REQUIREMENT: Could every line below be transcribed exactly, with the pictures dropped?

SUPPLIED MATERIAL:
***

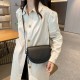 Cross-border texture popular solid color multi-layer large-capacity saddle bag for women's 2023 autumn new single-shoulder crossbody bag Cross-border texture popular solid color multi-layer large-capacity saddle bag for women's 2023 autumn new single-shoulder crossbody bag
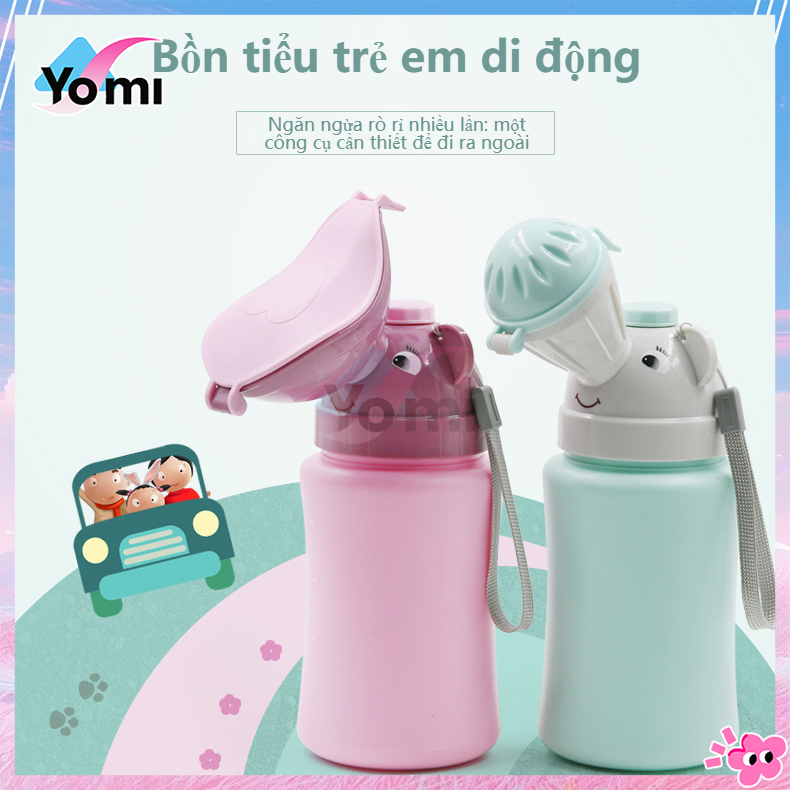 Bình Đi Tiểu Mini Cho Bé Trai Bé Gái, Bô Đi Tiểu Du Lịch Gấp Gọn, Bô Tiểu Khẩn Cấp Khi Đi Xe Ô Tô, Đi Chơi Dã Ngoại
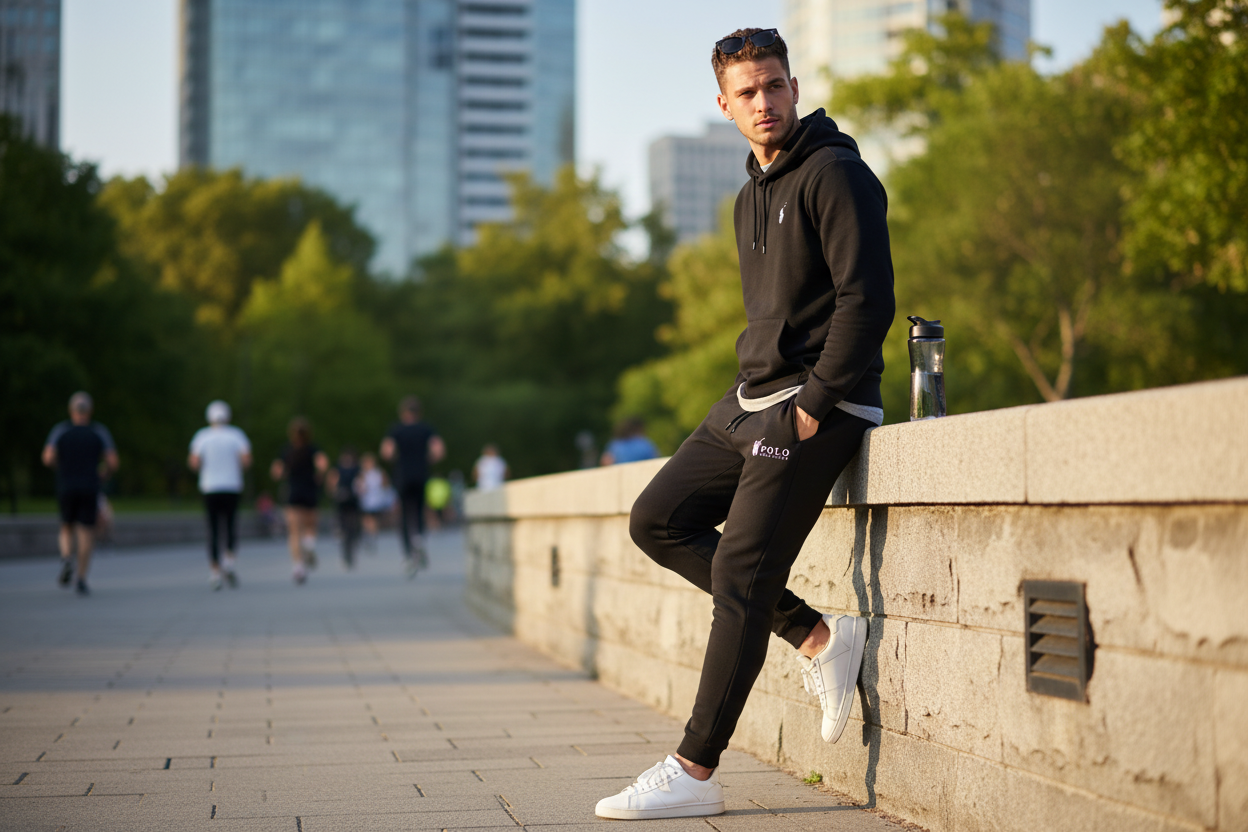 Polo Joggers - Jet Black - Active Lifestyle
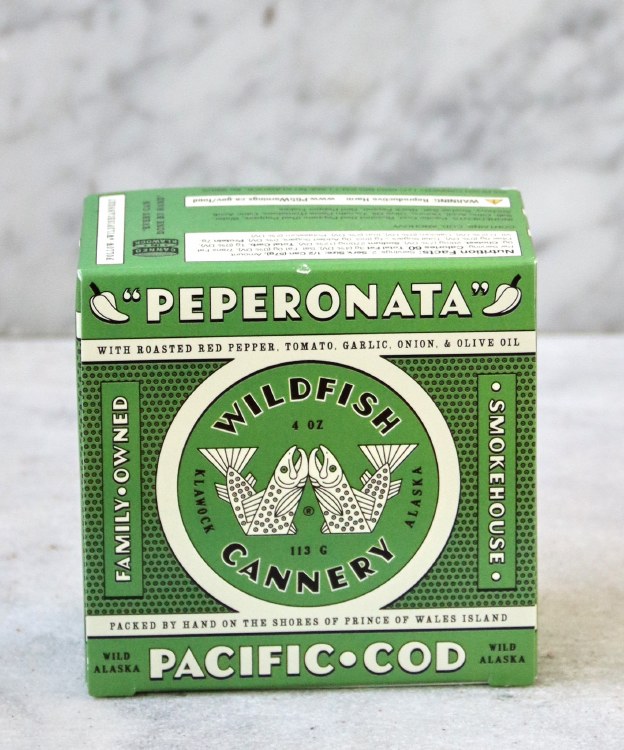 Wildfish Cannery Pacific Peperonata Cod, 4oz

***

WRITTEN ANSWER:
 Cross-border texture popular solid color multi-layer large-capacity saddle bag for women's 2023 autumn new single-shoulder crossbody bag Cross-border texture popular solid color multi-layer large-capacity saddle bag for women's 2023 autumn new single-shoulder crossbody bag
 Bình Đi Tiểu Mini Cho Bé Trai Bé Gái, Bô Đi Tiểu Du Lịch Gấp Gọn, Bô Tiểu Khẩn Cấp Khi Đi Xe Ô Tô, Đi Chơi Dã Ngoại
 Polo Joggers - Jet Black - Active Lifestyle
 Wildfish Cannery Pacific Peperonata Cod, 4oz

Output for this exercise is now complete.